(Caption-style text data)
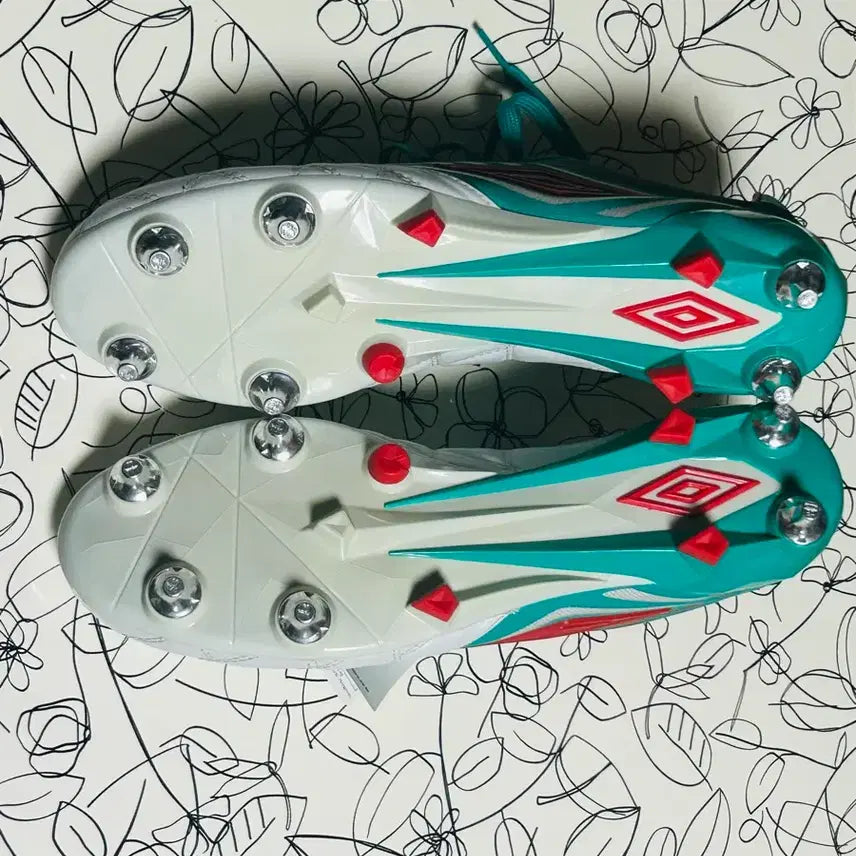 [BUNJANG] Umbro Medusa Pro Soft Ground Soccer Cleats / 엄브로 메두사 프로 소프트그라운드 280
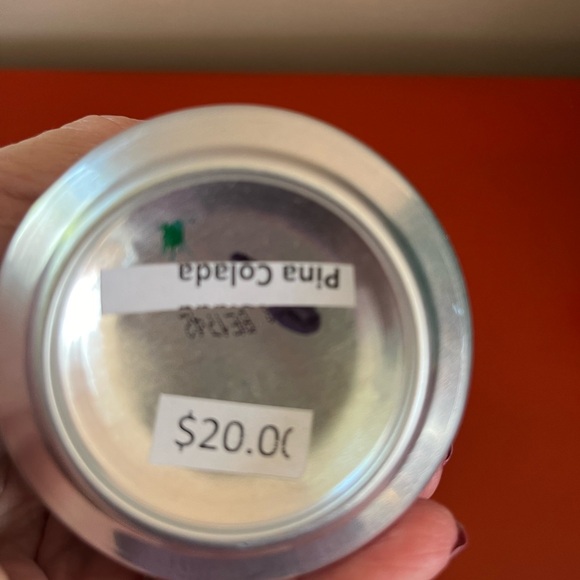 🌸 5 for $20 Sale 🌸 Busch light candle. Smells like Pina Colada NEW - Picture 4 of 4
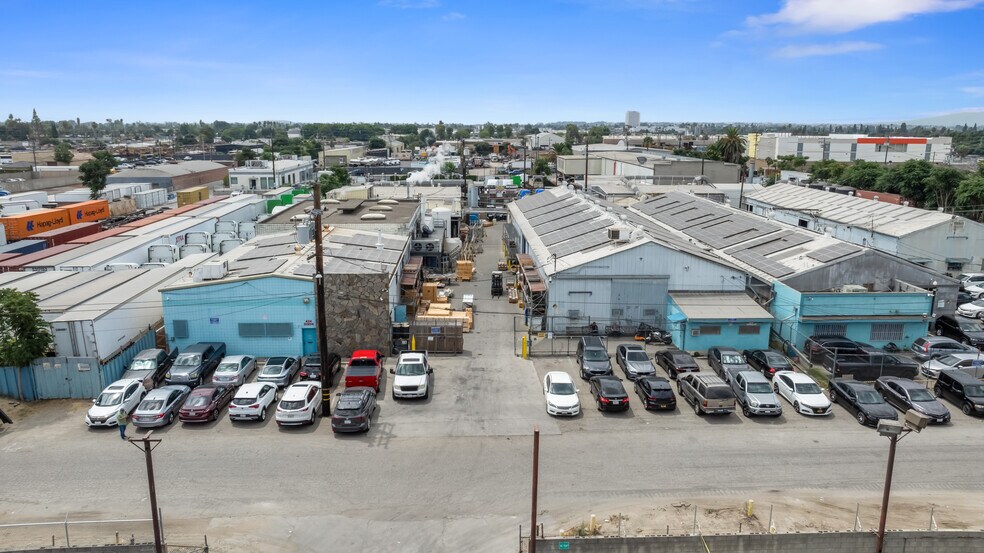 More Photos Of 424 E Dixon St, Compton Manufacturing For Sale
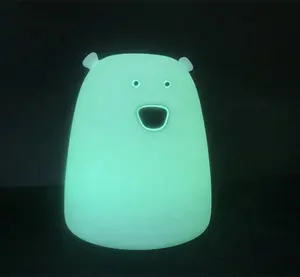 Venta directa de fábrica nuevo diseño de oso en forma táctil Led de luz de la noche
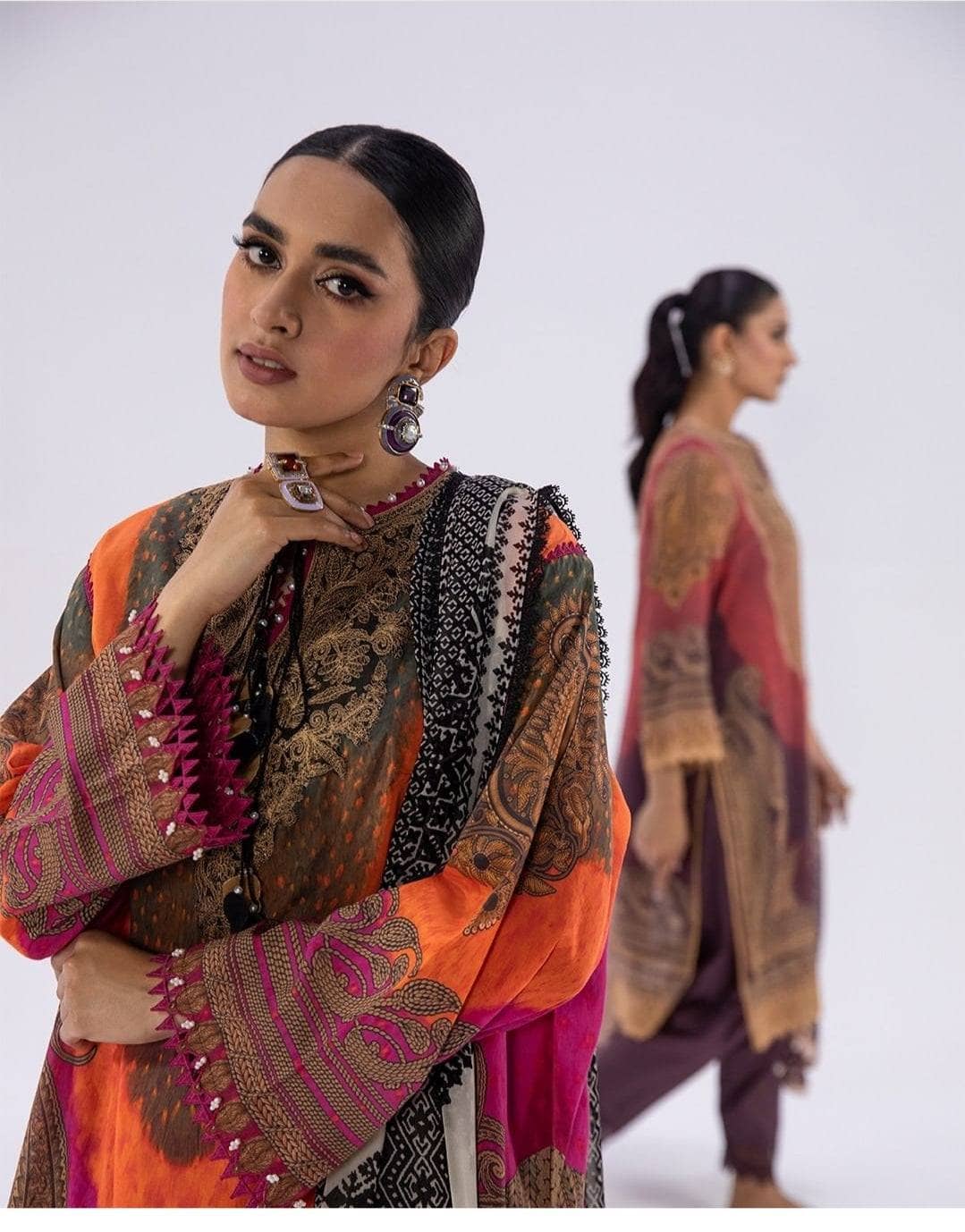 img_sana_safinaz_mahay_lawn_22_awwal_boutique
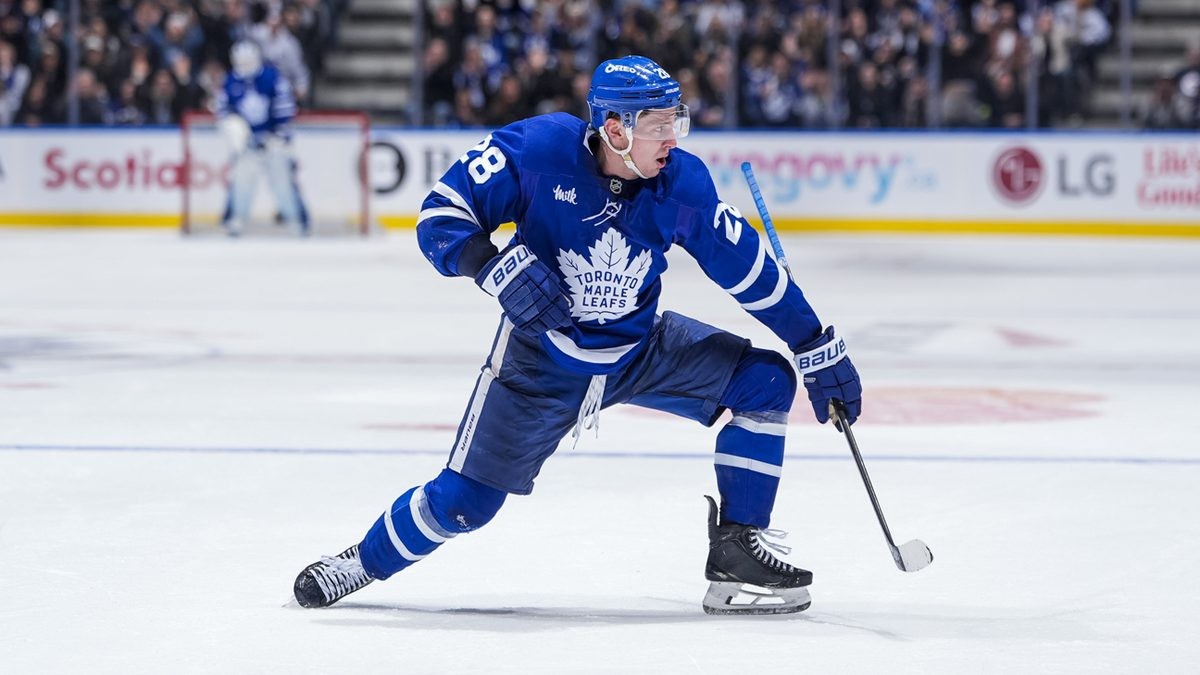 Stecher Scores With 28 Seconds Left as Maple Leafs Edge Rangers 5-4; Bobrovsky Ties Lundqvist for Sixth All-Time in Wins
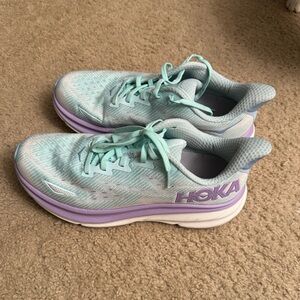 HOKA Clifton 9 Shoes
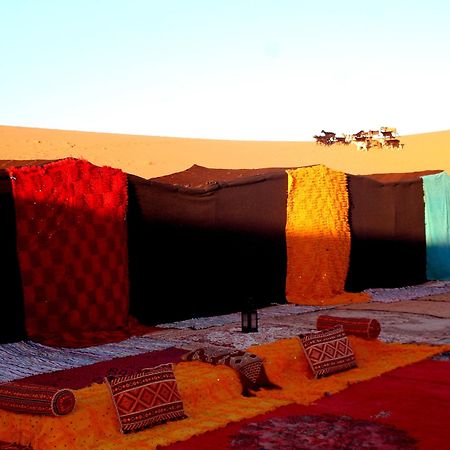 Palmeras Y Dunas Luxery Camp 메르주가 외부 사진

> Assignment
Give again, word for word, only the lines from the line containing "Picture 4 of 4" through the last line above, both included; leave the pictures out.

> Exercise response
 🌸 5 for $20 Sale 🌸 Busch light candle. Smells like Pina Colada NEW - Picture 4 of 4
 More Photos Of 424 E Dixon St, Compton Manufacturing For Sale
 Venta directa de fábrica nuevo diseño de oso en forma táctil Led de luz de la noche
 img_sana_safinaz_mahay_lawn_22_awwal_boutique
 Stecher Scores With 28 Seconds Left as Maple Leafs Edge Rangers 5-4; Bobrovsky Ties Lundqvist for Sixth All-Time in Wins
 HOKA Clifton 9 Shoes
 Palmeras Y Dunas Luxery Camp 메르주가 외부 사진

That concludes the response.